Adobe continues to expand the use of artificial intelligence across its software lineup, with Acrobat becoming the latest product to receive a broader set of AI-driven tools. The newest updates focus on practical workflows rather than experimental features, introducing prompt-based file editing, automated presentation creation, and audio-style summaries designed to resemble short podcasts.

A key addition centers on Adobe Spaces, a shared workspace introduced last year that allows multiple users to organize documents and notes in one place. Acrobat now lets users draw directly from the information stored in a Space to generate presentations using natural language prompts.
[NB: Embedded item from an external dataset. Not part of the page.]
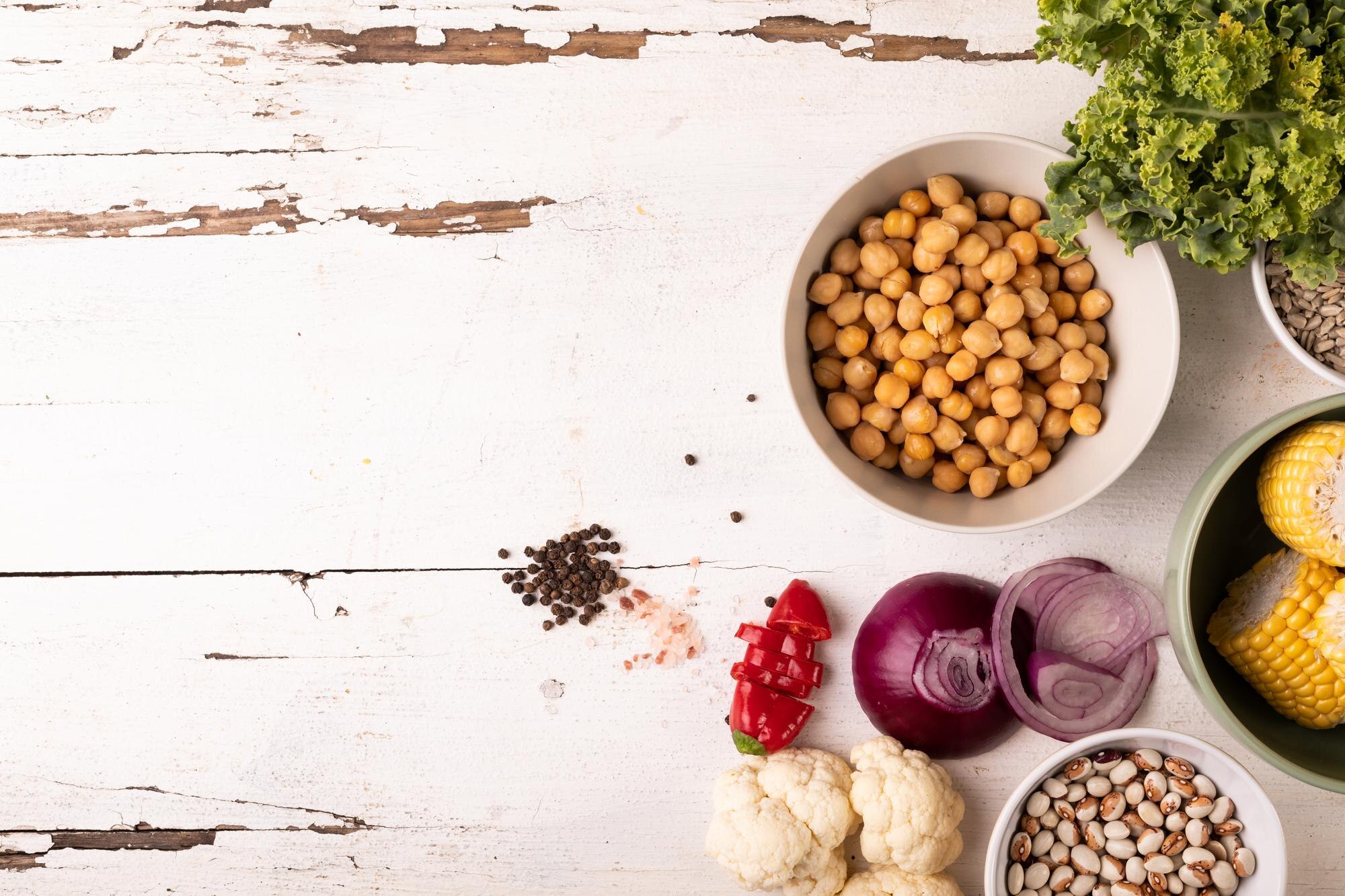 An overhead view of wholefood ingredients including vegetables, legumes, nuts, seeds and grains laid out on a light surface — foods often included in a fibre-rich, wholefood eating approach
In practice, this means a collection of financial data, planning documents, and competitive research can be turned into a draft pitch deck without manually assembling slides from scratch. The system produces an editable outline that highlights the main talking points rather than a finished presentation.

Once that draft is generated, users can refine it using tools from Adobe Express. This includes applying prebuilt themes, adding stock images, or incorporating custom visuals. Brand elements can be applied across the deck, and individual slides remain fully editable, keeping the process closer to a starting point than a final, locked asset. Similar capabilities already exist in platforms such as Canva and NotebookLM, placing Acrobat’s new features firmly within an increasingly competitive category rather than setting it apart entirely.
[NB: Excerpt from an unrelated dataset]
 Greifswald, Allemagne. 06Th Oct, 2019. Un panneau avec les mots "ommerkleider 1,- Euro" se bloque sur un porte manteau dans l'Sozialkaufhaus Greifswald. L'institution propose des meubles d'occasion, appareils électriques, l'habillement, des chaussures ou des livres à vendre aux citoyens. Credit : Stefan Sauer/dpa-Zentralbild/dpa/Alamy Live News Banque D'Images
Another notable update is the ability to generate audio-style summaries of documents or entire Spaces. These summaries are framed as podcasts, offering a way to review material in a more passive format. Comparable features are already available through tools like Speechify and ElevenLabs’ Reader app, and Acrobat’s version appears aimed at users who want quick overviews of lengthy files rather than polished audio productions.

Acrobat is also gaining prompt-based editing controls. Users can now issue written commands to perform tasks such as removing pages, deleting text or images, finding and replacing words, adding comments, applying passwords, or inserting e-signatures. Adobe says there are currently a dozen supported actions, suggesting a controlled rollout rather than open-ended editing.

Sharing features within Spaces are being updated as well. When documents are shared, they can now include AI-generated summaries with citations that link back to specific sections of the file. Contributors can comment, revise content, or remove material directly, reinforcing Acrobat’s role as a collaborative document hub. Users can also choose between different AI assistant roles, such as analyst or instructor, or define a custom role through prompts.

Taken together, these updates position Acrobat less as a static PDF viewer and more as a workflow tool that reflects how documents are created, reviewed, and reused today, without fundamentally changing what the software is meant to do.